L'accompagnement des parents est une question fondamentale et cela concerne toute la loi. La commission que vous allez créer sera extrêmement importante. Les parents sont absolument seuls, ne sont accompagnés à aucun moment. Il y a trente ans, on leur disait : « Vous avez de la chance que la stérilité soit d'origine masculine, parce qu'il y a l'insémination artificielle avec don de sperme (IAD). Monsieur, votre sperme est infertile, mais on met à la place celui d'un homme fertile et c'est bon. » C'était dit de manière plus nuancée, mais ils ne sont jamais accompagnés, ou alors ils se font accompagner en payant. La commission devrait mobiliser des psychologues pour accompagner les parents. Je vois l'importance de l'accompagnement, mais arriver à prendre rendez-vous chez un psy, ce n'est pas rien. Beaucoup ne le font pas et se contentent d'un système très opératoire, en disant : « Nous avons réglé le problème d'un point de vue médical, donc c'est bon. » L'accompagnement à tous les niveaux est vraiment fondamental et la France s'honorerait de le faire.

En Belgique, je collabore avec l'équipe de FIV de l'hôpital Saint-Pierre, dirigée par le Pr Houvirse, et tous les parents voient quelqu'un. On ne leur demande pas leur avis, on leur dit : « Cela vous embête, mais il faut le faire. » Quelquefois, cela débouche sur quelque chose, mais au moins, ils ont vu quelqu'un et pourront peut-être, dix ans après, en reparler à cette personne ou à une autre.
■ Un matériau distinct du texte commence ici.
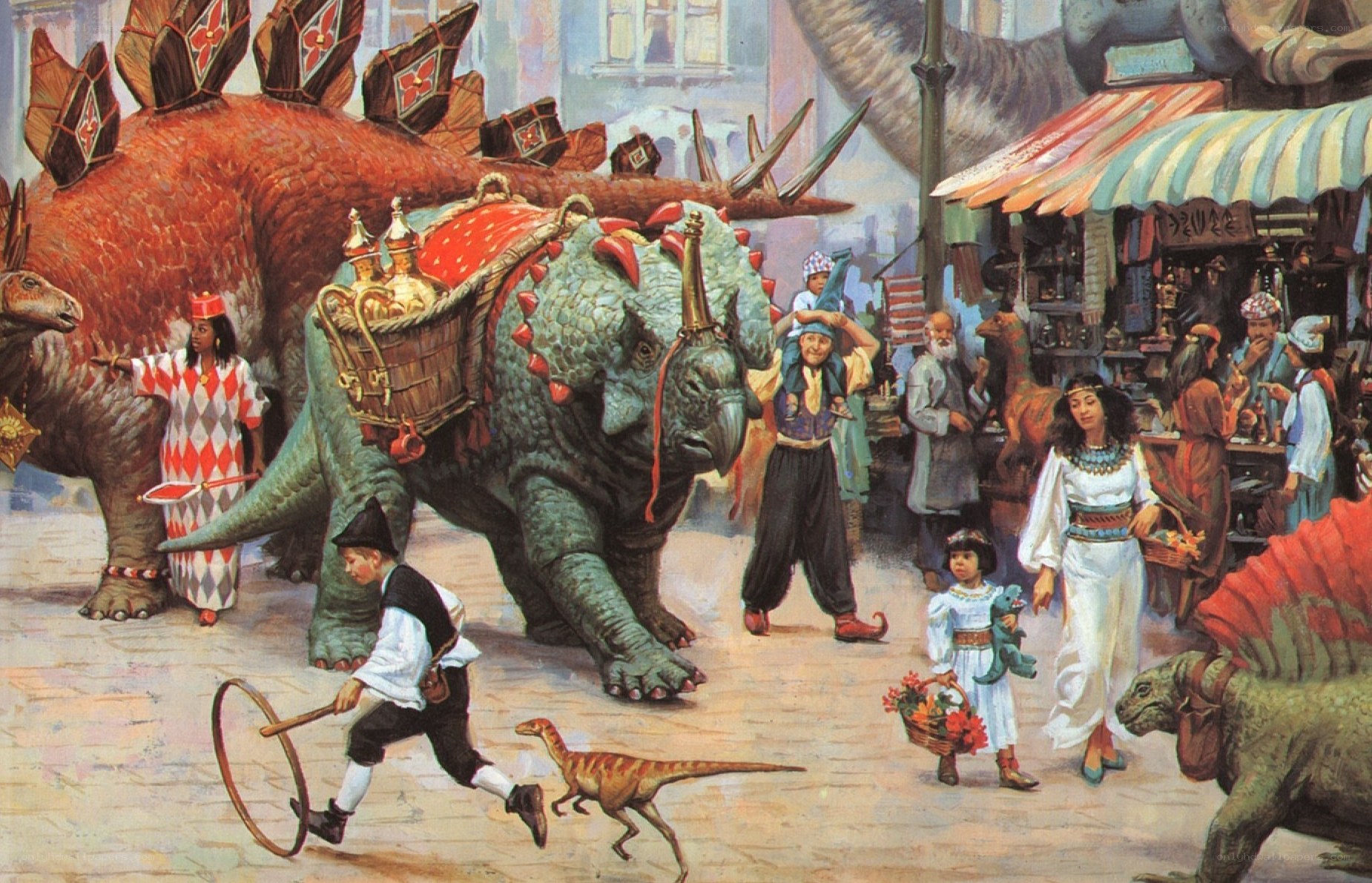 Dinosaurs in a bustling market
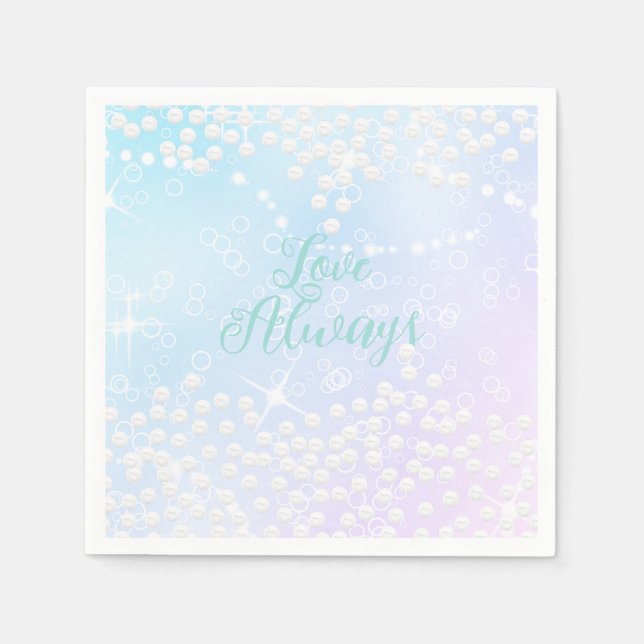Pearls Shine Blue Pink Napkins (Front)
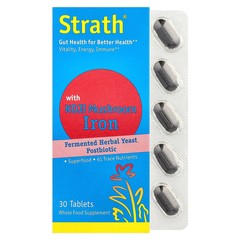 2 X Bio-Strath, Fermented Herbal Yeast Postbiotic, With Koji Mushroom Iron, 30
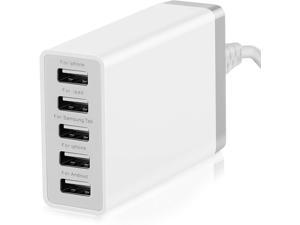 5-Port USB Charging Stations for Multiple Devices, Multi Port USB Wall Charger 40W 8A, Desktop Multi USB Wall Charger Compatible with Tablet, Phone, Android Phone and All USB Port Devices - White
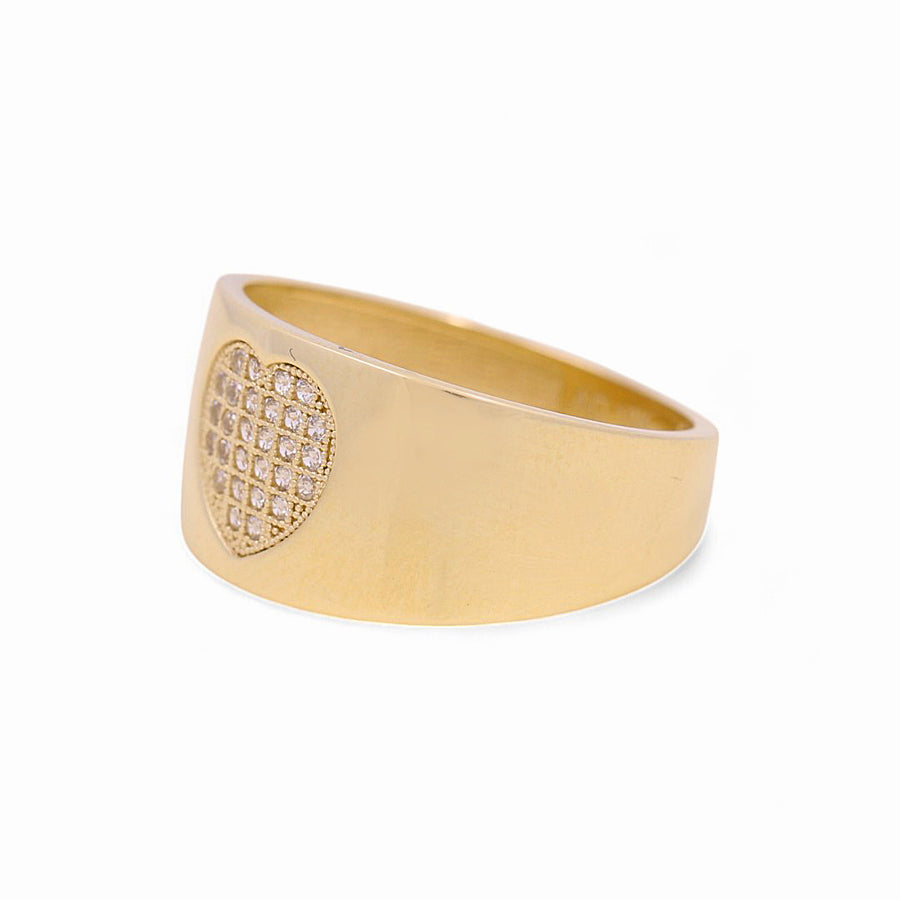 10K Yellow Gold Heart with Cz Fashion  Women's Ring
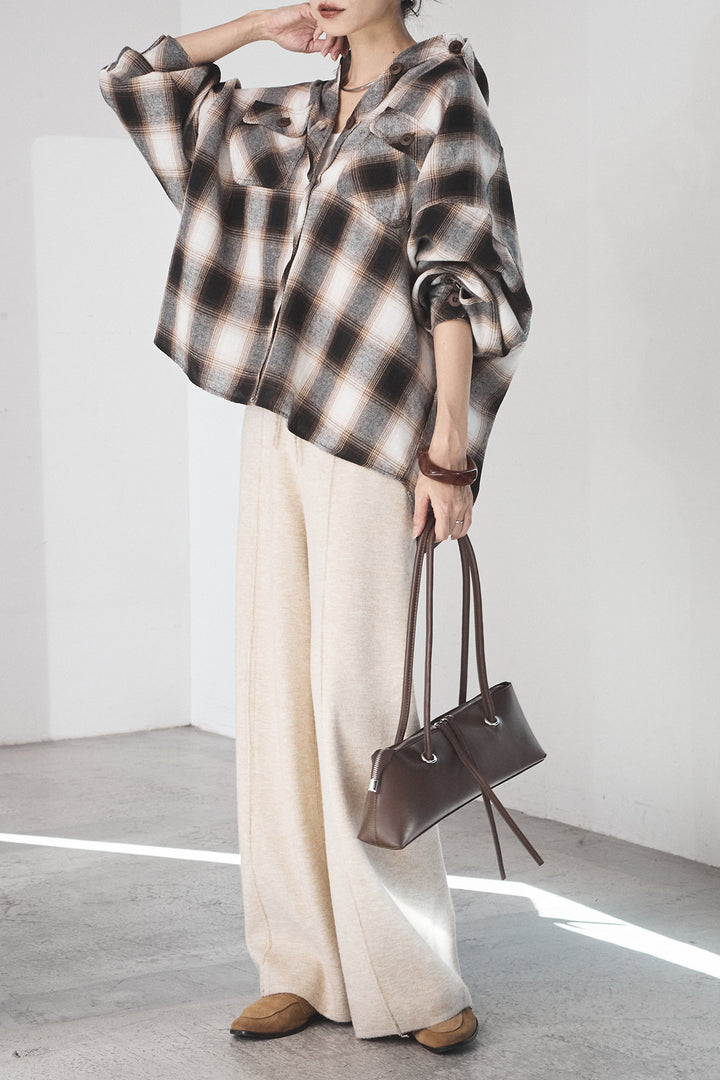 [SET]オンブレーチェックビッグシルエットCPOシャツ+センターラインニットパンツ(2set)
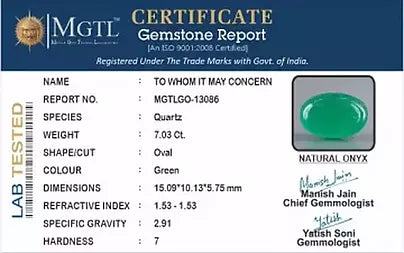 Green Onyx - 7.03 Carats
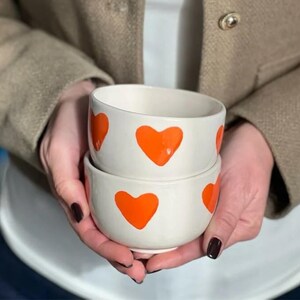 Customizable 2-Piece Heart Picture Bowl Set | Color Options Available
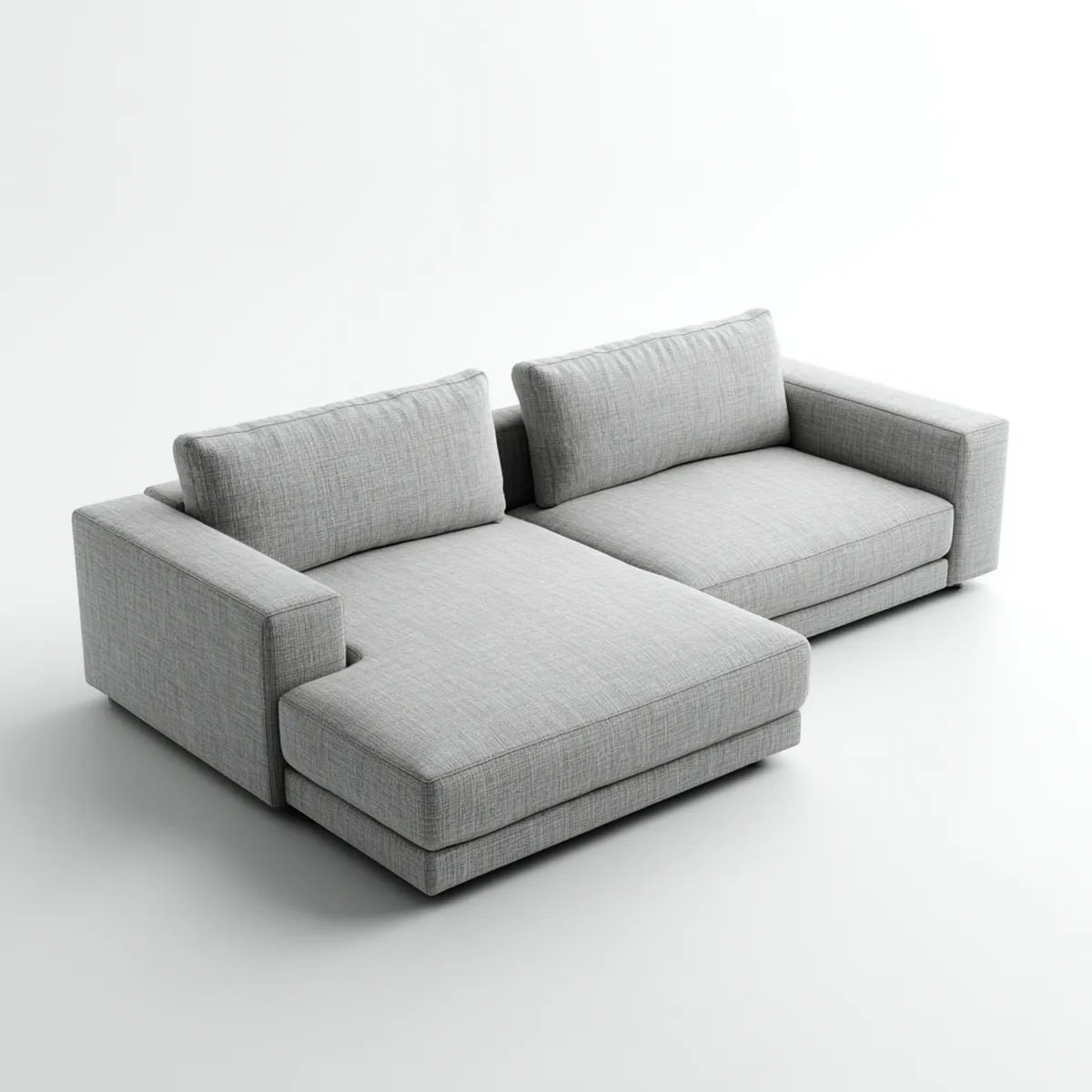 Canapé d'angle gauche 3 places gris clair en polyester forme L 250 x 160 x 85 cm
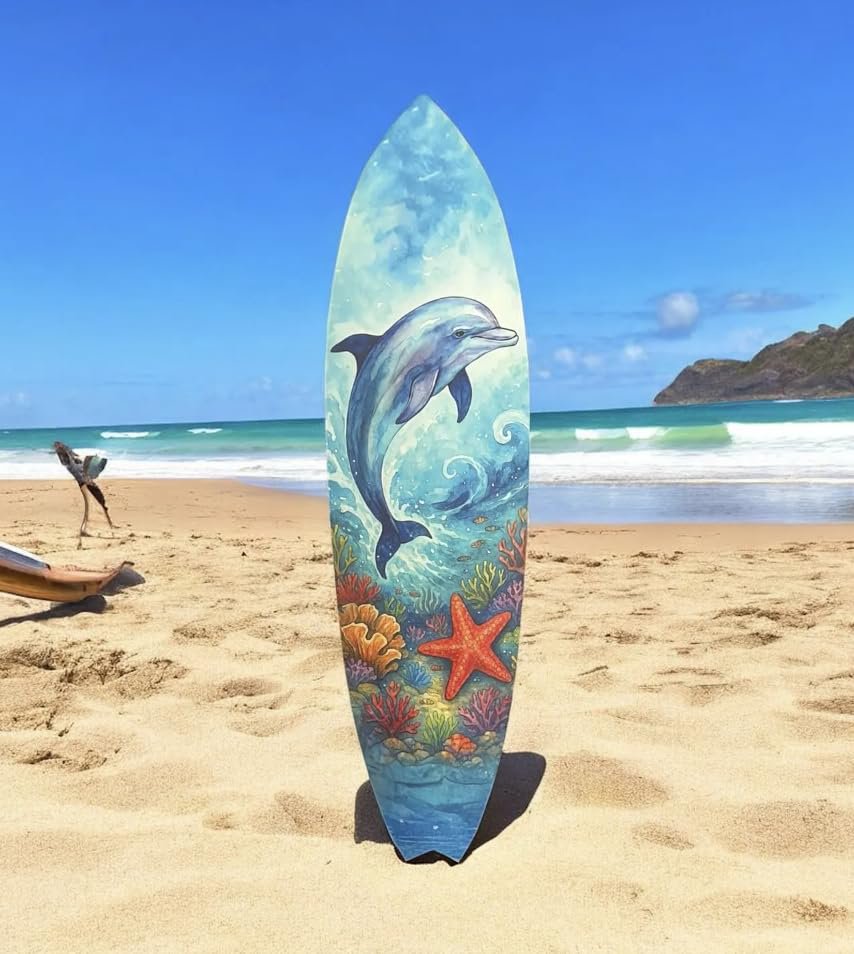 Dolphin Surfboard Decorative Beach House Wall Decor, Ocean Animal Wall Sign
Je ne sais pas si l'âge précis d'exercice du droit est très important. En général, on dit que c'est quand l'enfant est suffisamment mûr pour entendre cela. Je crois que les adolescents sont très mûrs maintenant. Des parents me demandent s'il faut le dire à six ans, à l'âge de l'entrée en CP. C'est difficile, parce qu'il faut connaître l'enfant. Si les parents sont au clair avec cette identité narrative, pour reprendre l'expression de Paul Ricœur, ils le disent très tôt. D'ailleurs, je vois que les jeunes couples le disent à la naissance. Ils le disent même quand le bébé est dans le ventre de la maman.